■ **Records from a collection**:
-- Opening Marker --

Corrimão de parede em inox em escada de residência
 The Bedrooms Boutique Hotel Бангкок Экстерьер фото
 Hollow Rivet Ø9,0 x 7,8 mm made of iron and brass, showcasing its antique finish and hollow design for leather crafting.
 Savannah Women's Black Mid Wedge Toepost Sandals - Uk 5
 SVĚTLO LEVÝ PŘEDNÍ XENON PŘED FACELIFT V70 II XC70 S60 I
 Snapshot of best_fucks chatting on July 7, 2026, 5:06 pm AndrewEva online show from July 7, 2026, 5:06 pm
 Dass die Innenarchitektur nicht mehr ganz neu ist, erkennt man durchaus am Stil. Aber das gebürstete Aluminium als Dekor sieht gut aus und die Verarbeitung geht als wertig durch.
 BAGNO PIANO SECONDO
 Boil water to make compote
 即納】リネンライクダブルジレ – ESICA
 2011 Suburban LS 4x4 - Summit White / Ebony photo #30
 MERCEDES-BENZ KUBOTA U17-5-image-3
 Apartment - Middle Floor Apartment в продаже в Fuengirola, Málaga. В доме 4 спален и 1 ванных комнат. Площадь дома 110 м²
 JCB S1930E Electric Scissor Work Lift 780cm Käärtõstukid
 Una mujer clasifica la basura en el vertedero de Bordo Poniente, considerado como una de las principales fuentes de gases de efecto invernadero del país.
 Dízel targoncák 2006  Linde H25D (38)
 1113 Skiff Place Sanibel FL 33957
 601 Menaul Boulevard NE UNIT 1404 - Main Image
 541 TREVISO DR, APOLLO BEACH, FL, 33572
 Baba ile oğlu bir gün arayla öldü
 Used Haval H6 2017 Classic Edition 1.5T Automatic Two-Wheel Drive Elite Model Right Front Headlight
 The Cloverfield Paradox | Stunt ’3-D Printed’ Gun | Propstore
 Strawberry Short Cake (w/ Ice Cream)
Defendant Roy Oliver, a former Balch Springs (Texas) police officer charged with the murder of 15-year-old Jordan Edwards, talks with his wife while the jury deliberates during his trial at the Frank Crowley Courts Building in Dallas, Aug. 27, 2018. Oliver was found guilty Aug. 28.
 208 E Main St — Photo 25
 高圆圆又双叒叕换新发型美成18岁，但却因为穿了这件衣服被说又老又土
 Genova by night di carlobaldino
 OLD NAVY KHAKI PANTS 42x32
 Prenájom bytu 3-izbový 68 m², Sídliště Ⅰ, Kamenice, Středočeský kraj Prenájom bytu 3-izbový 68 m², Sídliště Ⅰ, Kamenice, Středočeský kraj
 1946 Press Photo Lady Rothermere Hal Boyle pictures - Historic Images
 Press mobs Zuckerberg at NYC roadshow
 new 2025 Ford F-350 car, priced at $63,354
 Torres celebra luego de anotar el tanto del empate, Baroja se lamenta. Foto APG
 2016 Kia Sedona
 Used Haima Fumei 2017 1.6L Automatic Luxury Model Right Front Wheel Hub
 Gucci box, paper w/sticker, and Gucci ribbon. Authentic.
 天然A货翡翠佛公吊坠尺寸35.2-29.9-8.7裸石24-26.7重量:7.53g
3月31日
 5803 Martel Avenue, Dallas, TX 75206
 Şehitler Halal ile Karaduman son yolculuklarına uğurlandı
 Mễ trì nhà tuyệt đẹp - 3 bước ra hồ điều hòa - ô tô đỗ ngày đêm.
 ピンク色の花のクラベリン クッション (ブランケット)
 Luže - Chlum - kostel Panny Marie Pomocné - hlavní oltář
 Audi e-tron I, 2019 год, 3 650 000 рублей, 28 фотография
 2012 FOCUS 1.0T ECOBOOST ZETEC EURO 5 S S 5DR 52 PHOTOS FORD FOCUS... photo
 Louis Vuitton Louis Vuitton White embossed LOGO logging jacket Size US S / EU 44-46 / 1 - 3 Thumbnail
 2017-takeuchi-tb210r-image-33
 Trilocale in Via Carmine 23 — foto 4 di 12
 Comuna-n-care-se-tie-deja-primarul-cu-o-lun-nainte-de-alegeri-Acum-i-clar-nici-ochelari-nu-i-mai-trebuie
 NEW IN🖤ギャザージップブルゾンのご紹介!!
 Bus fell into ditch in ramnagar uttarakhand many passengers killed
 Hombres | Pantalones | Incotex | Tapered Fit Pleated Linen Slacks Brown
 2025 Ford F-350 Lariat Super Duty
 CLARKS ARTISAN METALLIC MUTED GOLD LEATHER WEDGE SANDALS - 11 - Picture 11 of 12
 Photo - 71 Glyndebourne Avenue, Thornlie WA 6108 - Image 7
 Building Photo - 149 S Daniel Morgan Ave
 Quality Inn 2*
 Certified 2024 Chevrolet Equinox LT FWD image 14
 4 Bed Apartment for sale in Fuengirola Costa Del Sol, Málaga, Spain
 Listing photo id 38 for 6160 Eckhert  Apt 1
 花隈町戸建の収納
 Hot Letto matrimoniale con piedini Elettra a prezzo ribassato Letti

-- Closing Marker --

■ **HOW TO COMPLETE THIS TASK**:
Word for word, output the lines of the data from its first line through the line where "SVĚTLO LEVÝ PŘEDNÍ" appears, and stop there.

■ **TASK RESULT**:
Corrimão de parede em inox em escada de residência
 The Bedrooms Boutique Hotel Бангкок Экстерьер фото
 Hollow Rivet Ø9,0 x 7,8 mm made of iron and brass, showcasing its antique finish and hollow design for leather crafting.
 Savannah Women's Black Mid Wedge Toepost Sandals - Uk 5
 SVĚTLO LEVÝ PŘEDNÍ XENON PŘED FACELIFT V70 II XC70 S60 I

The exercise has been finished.